Le message livré le 25 mai 2026 par le Dr Jospin Lohanga Konga, ambassadeur itinérant de Sa Divinité Papa Simon Kimbangu Kiangani, dépasse largement le seul cadre religieux.
À travers une communication accordée à congoprofond.net à l’occasion de la Journée mondiale de l’Afrique et de la Noël kimbanguiste, le diplomate spirituel a développé une véritable vision géopolitique du kimbanguisme, présenté comme un outil d’influence culturelle et civilisationnelle africaine.

Le kimbanguisme comme levier stratégique africain
Dans son intervention, le Dr Lohanga a défendu l’idée d’un « soft power africain » fondé sur les valeurs spirituelles, culturelles et historiques propres au continent.
Trois axes majeurs ont été mis en avant :
– enseigner une histoire africaine complète et décomplexée ;
– faire du kimbanguisme un levier d’influence culturelle africaine ;
– bâtir des partenariats internationaux fondés sur des valeurs définies par les Africains eux-mêmes.
Cette orientation inscrit clairement le discours dans la perspective de l’Agenda 2063 de Union africaine, programme stratégique visant à construire « l’Afrique que nous voulons ».
La diplomatie des langues africaines
Autre élément marquant : le caractère multilingue du message.
Après le français et l’anglais, le discours a été relayé en Lingala, Kikongo, Kiswahili et Tshiluba.

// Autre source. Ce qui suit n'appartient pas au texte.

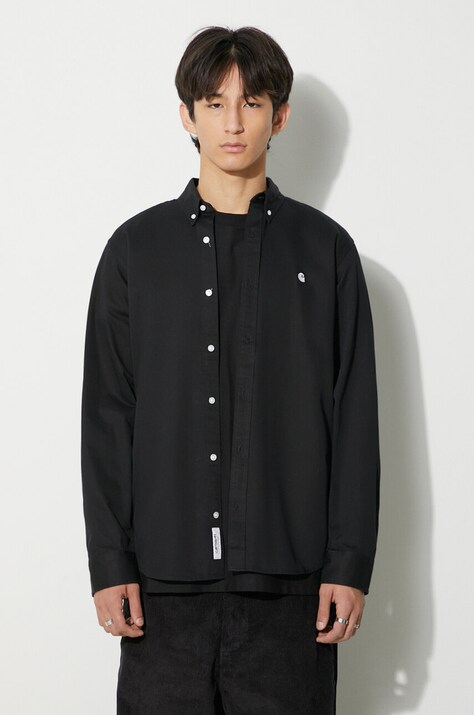 Košile Carhartt WIP černá barva, regular, s límečkem button-down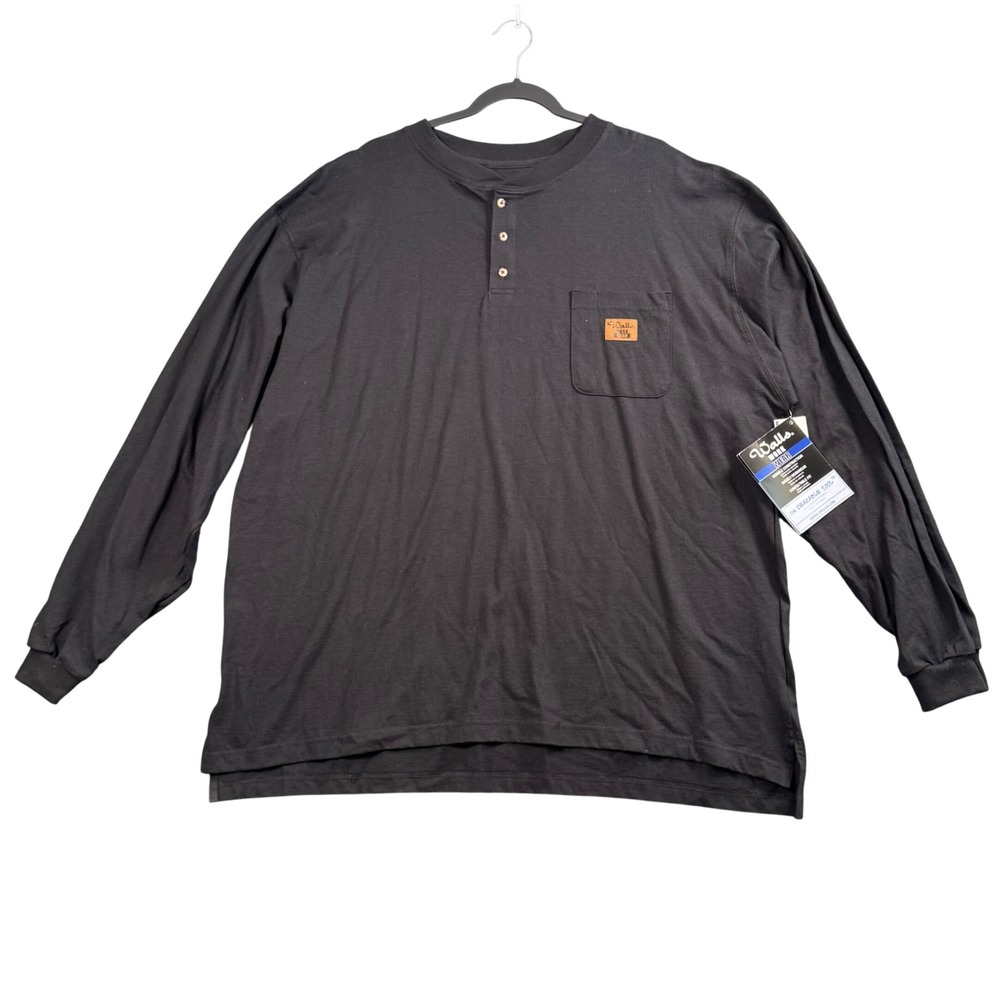 NWT Walls Henley Shirt Mens XXL Black Long Sleeve Workwear Cotton Pocket Tee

Pour le Dr Lohanga, cette démarche ne relève pas du simple symbole, mais d’une volonté affirmée de replacer les langues africaines au cœur de la renaissance continentale.
Dans un contexte où les institutions africaines demeurent encore largement dominées par les langues héritées de la colonisation, cette initiative apparaît comme un acte culturel fort.
Entre spiritualité et diplomatie
À travers cette communication, le Dr Jospin Lohanga Konga confirme son rôle de diplomate spirituel engagé dans le rayonnement du kimbanguisme et de l’Afrique.
Son discours conjugue foi, mémoire, identité et stratégie continentale dans une même vision intellectuelle et géopolitique.
Au moment où l’Afrique cherche de nouveaux repères dans un monde en mutation, cette parole venue de Nkamba rappelle que l’influence des nations se joue aussi dans les récits culturels, les symboles et les héritages spirituels.